The bromine- 82 nucleus has a half-life of \(1.0 \times 10^{3}\) min. If you wanted 1.0 g \(^{82}\mathrm{Br}\) and the delivery time was 3.0 days, what mass of NaBr should you order (assuming all of the Br in the NaBr was $^{82} \mathrm{Br}$ )?

We are given that the half-life of Bromine-82 is \(1.0 \times 10^3\) minutes. We can use this information to calculate the decay constant 'λ' using the following formula: \[t_{1/2} = \frac{\ln 2}{\lambda}\] Rearranging for λ, we get: \[\lambda = \frac{\ln 2}{t_{1/2}}\] Plug in the values: \[\lambda = \frac{\ln 2}{1.0 \times 10^3 \, \text{min}}\]

The delivery time is given as 3.0 days, we need to convert this into minutes. \[\text{Delivery time} = 3.0 \, \text{days} \times \frac{24 \, \text{hours}}{1 \, \text{day}} \times \frac{60 \, \text{min}}{1 \, \text{hour}} = 4320 \, \text{min}\]

Using the decay equation, we can find the initial mass of Bromine-82 by considering its final mass after 3 days. \[N_t = N_0 e^{-\lambda t}\] We want to find \(N_0\). Rearranging for \(N_0\), we get: \[N_0 = \frac{N_t}{e^{-\lambda t}}\] Now, plug in the values for \(N_t\), \(t\), and the decay constant λ that we calculated in Step 1: \[N_0 = \frac{1.0 \, \text{g}}{e^{-\frac{\ln 2}{1.0 \times 10^3 \, \text{min}} \times 4320 \, \text{min}}}\]
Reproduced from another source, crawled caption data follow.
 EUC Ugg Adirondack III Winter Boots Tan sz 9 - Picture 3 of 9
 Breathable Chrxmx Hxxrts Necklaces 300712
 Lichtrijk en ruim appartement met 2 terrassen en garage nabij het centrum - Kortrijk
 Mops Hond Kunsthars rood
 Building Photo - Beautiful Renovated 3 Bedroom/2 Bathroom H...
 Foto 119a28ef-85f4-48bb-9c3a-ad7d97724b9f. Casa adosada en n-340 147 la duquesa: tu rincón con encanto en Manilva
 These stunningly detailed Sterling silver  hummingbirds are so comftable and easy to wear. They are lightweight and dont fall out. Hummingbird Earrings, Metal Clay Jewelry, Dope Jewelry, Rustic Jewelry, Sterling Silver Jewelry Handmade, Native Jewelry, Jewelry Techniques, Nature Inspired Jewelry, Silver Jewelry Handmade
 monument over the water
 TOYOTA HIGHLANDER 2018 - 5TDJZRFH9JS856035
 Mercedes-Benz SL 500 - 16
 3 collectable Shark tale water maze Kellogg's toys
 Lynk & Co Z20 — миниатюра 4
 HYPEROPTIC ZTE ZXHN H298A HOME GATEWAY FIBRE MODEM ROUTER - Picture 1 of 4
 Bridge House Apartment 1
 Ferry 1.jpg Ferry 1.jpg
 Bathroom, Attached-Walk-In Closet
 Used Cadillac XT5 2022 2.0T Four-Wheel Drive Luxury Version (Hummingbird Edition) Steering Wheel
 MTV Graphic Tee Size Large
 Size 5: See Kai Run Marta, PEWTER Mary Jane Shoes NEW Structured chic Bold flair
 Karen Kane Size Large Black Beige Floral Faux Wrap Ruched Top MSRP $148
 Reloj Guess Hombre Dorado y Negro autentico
Now that we have the initial mass of \(^{82}\mathrm{Br}\), we can calculate the mass of NaBr required. We will use the molar masses of Na (22.99 g/mol) and \(^{82}\mathrm{Br}\) (81.92 g/mol). The mass ratio of Na and \(^{82}\mathrm{Br}\) in NaBr can be determined as follows: \[\text{Mass ratio} = \frac{\text{Molar mass of Na}}{\text{Molar mass of } ^{82}\mathrm{Br}} = \frac{22.99 \, \text{g/mol}}{81.92 \, \text{g/mol}}\] So, the mass of NaBr needed can be calculated by multiplying the initial mass of \(^{82}\mathrm{Br}\) with the mass ratio: \[\text{Mass of NaBr} = N_0 \times \text{Mass ratio} = \frac{1.0 \, \text{g}}{e^{-\frac{\ln 2}{1.0 \times 10^3 \,\text{min}} \times 4320 \, \text{min}}} \times \frac{22.99 \, \text{g/mol}}{81.92 \, \text{g/mol}}\] Finally, compute the mass of NaBr needed to obtain 1.0 g \(^{82}\mathrm{Br}\).